◆ **GIVEN RECORDS**
※

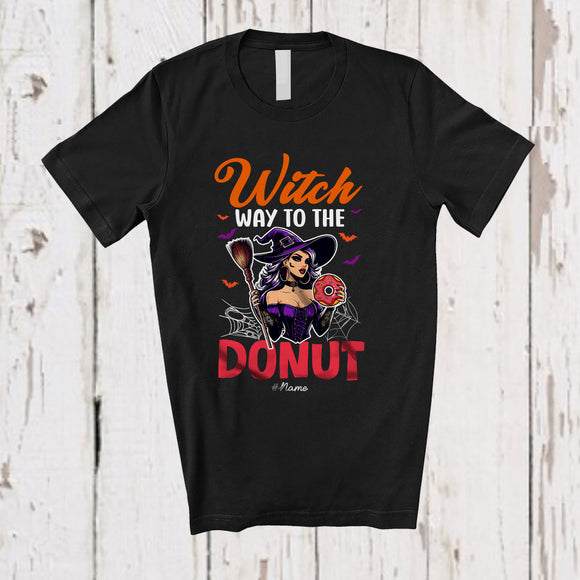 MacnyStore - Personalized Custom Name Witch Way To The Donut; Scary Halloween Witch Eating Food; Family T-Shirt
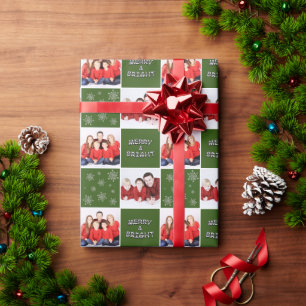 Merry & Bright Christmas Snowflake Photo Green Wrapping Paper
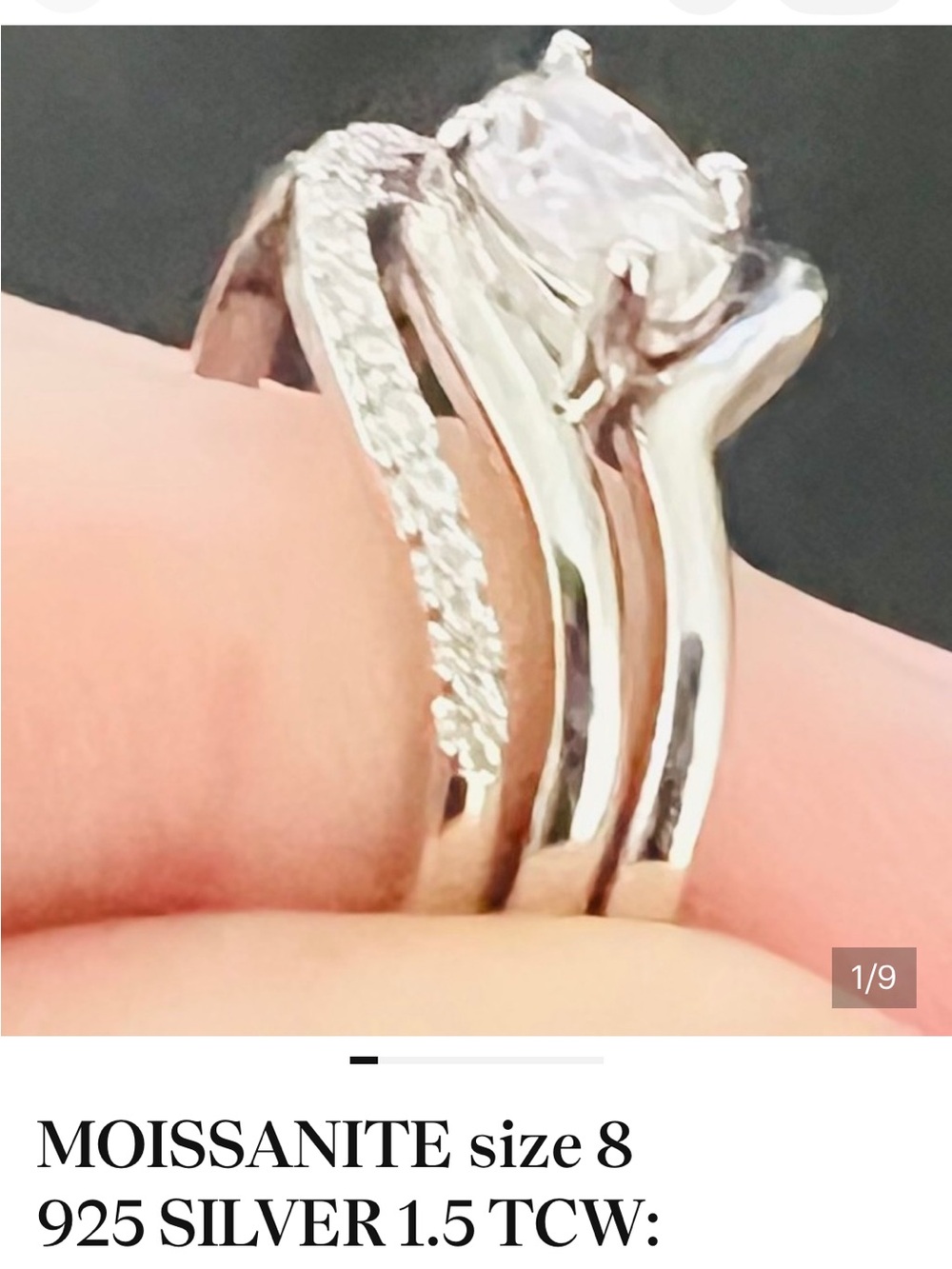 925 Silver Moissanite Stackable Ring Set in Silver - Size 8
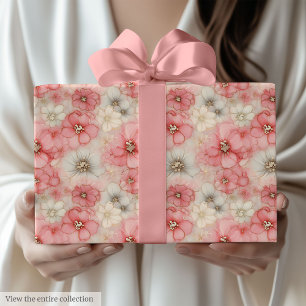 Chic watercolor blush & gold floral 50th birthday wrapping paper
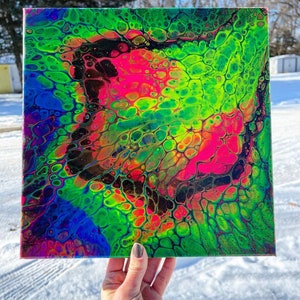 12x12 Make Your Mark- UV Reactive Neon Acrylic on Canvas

※

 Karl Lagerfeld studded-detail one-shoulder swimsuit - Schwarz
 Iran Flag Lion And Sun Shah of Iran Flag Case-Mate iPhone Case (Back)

※

In the listing above, locate the line containing "Karl Lagerfeld studded-detail" and the line containing "Iran Flag Lion". Transcribe those two lines and everything between them, exactly as written.

◆ **WRITTEN RESPONSE**
 Karl Lagerfeld studded-detail one-shoulder swimsuit - Schwarz
 Iran Flag Lion And Sun Shah of Iran Flag Case-Mate iPhone Case (Back)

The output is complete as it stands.